Facebook recently bought Instagram, a tiny mobile photo-sharing company that employed 13 workers, in what appears to be a continuous effort by Facebook to maximize its grip on the Internet, as well as its public influence.
The Instagram smartphone app had been rapidly gaining popularity, but was hardly viewed as a Facebook rival. Nevertheless, the social network goliath bought Instagram for $1 billion, and not without making its 13 employees very wealthy. In addition to keeping those workers, Mark Zuckerberg has also stated he wants to keep Instagram as an independent (for now) unit maintained by the same people responsible for its success in the first place.
Many Instagram fans and critics of this move are unhappy, however, perhaps for a deeper reason.
What once began as a small dorm room-operated social experiment for students of Harvard has today become one of the ‘Big Five’ companies currently monopolizing the Internet (its four peers cited as being Google, Apple, Microsoft, and Amazon).
Having carved out its own slice of the web, Facebook expands its outreach more and more as the years tick by, and is now viewed as being so large that it can kill or buy most competitors. As it stands now, Zuckerberg’s juggernaut pretty much writes the proverbial rules of engagement for social media, hardware/software design, and e-commerce.
If, in the years ahead, the expansion of the Facebook machine continues, it raises important questions regarding online freedom and corporate ownership vs. democratization of the Internet.
The critics of Facebook’s gobbling up of Instagram are agitated because they feel that they are having less and less areas of the web free of Facebook’s stronghold. This is partially true; for those areas that are removed from it, one or more of the other ‘Big Five’ names are most likely involved.

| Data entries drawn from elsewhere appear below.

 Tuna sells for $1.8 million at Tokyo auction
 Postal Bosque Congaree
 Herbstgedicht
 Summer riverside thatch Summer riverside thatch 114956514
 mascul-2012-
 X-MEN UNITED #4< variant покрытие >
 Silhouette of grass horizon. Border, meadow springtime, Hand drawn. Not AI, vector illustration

And any of these big names have also seen increased usage by government agencies – some say, in potential violation of civil liberties.
Facebook has also been increasingly asking for more and more information from people, under the guise of ‘new improvements;’ its new Timeline feature stretches back all the way to your birthdate, tempting users to add baby photos and fill in the blanks for their entire life, year by year, for the world to see.

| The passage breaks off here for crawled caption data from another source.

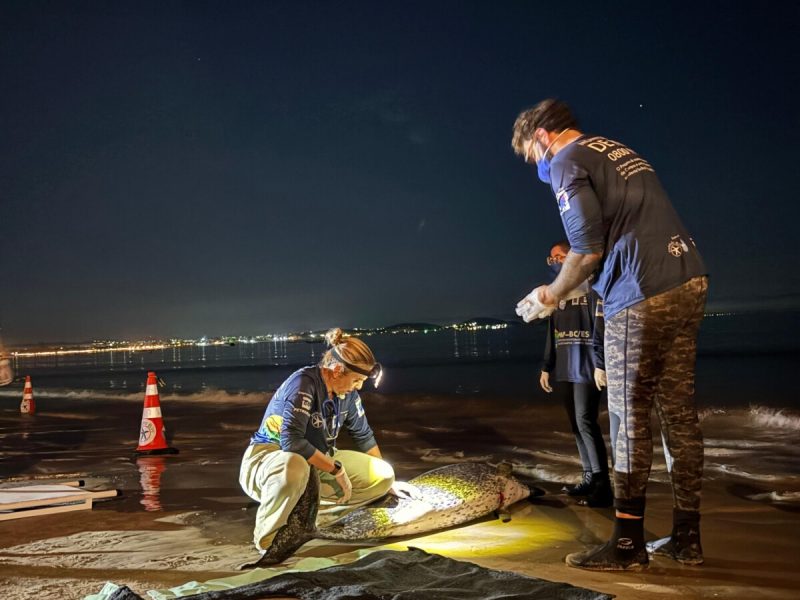 WhatsApp Image 2025-07-13 at 09.01.00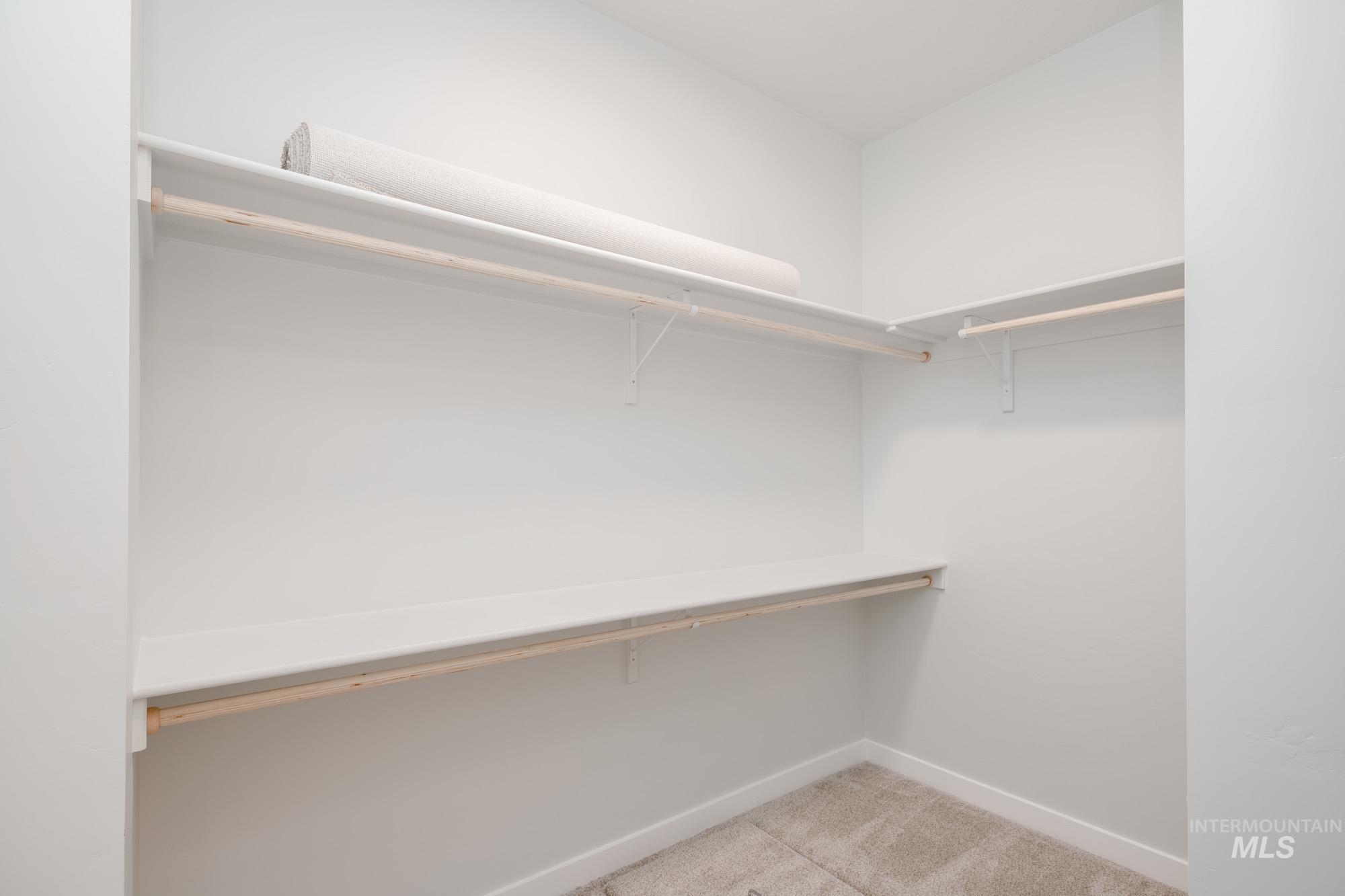 Spacious closet featuring light carpet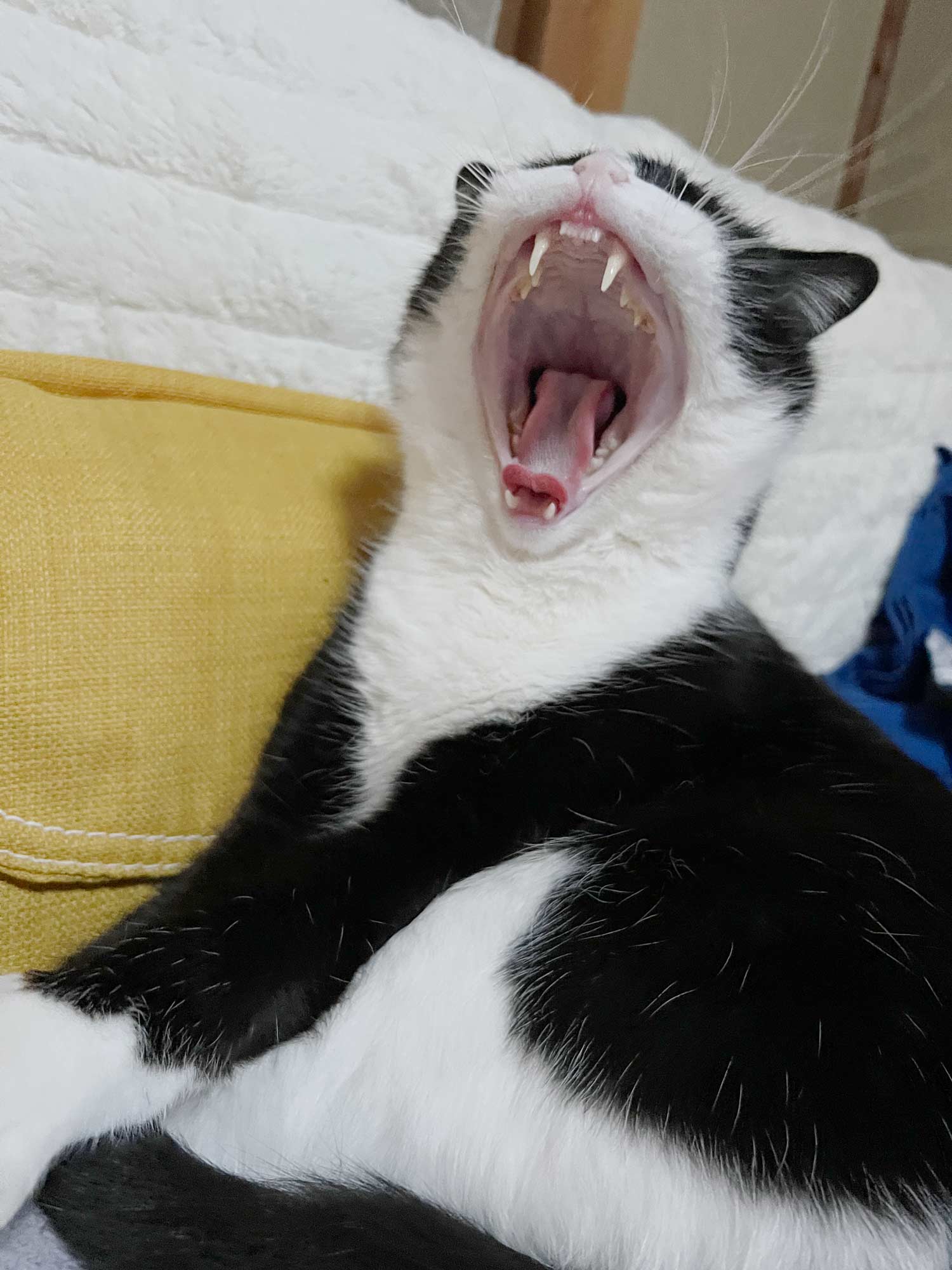 猫のワッチモの画像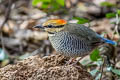 Blue Pitta Hydrornis cyaneus cyaneus 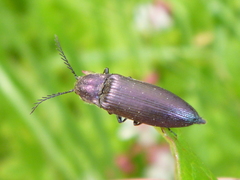 Ctenicera cuprea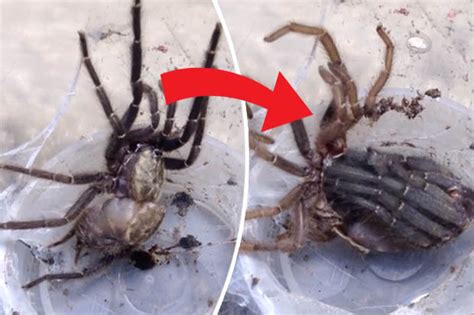 Youll Wish Youd Never Watched This Tarantula Shed Its Skin Daily Star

As these big companies take measures like this more and more often, those who wish for the Internet to have a more democratic approach grow more concerned.
The remedy, it would seem, is to stop the acquisition of the Internet by private firms, and, in the interest of average working class users, return it to a form in which it may become a democratically controlled public forum for society. In the hands of corporations, there is the ever-growing feeling that social media may become Big Brother.